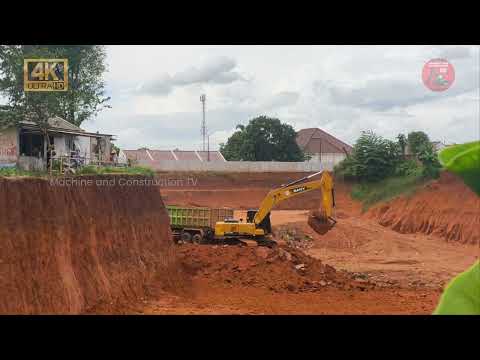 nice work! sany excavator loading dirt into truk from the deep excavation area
...
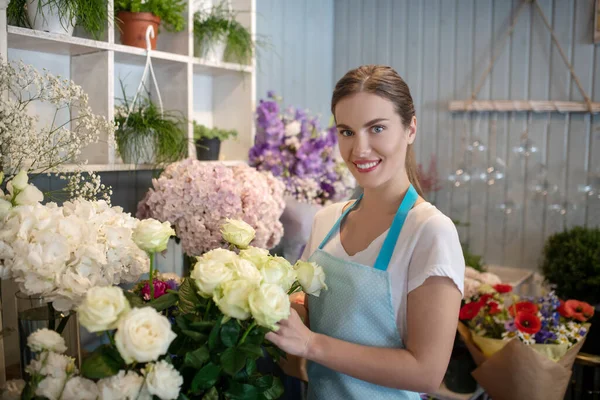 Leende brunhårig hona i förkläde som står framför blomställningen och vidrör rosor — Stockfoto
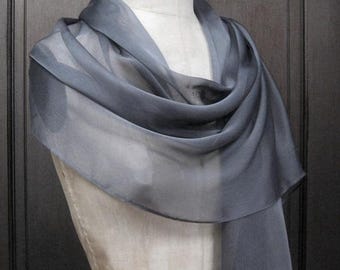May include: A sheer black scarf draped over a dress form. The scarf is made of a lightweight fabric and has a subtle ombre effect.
---
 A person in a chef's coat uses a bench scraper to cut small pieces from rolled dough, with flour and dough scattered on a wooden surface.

EXERCISE AIM -
Above, find the line holding "Leende brunhårig hona" and the line holding "May include: A". Print exactly those two lines and every line between them, but no pictures.

WRITTEN ANSWER -
 Leende brunhårig hona i förkläde som står framför blomställningen och vidrör rosor — Stockfoto
May include: A sheer black scarf draped over a dress form. The scarf is made of a lightweight fabric and has a subtle ombre effect.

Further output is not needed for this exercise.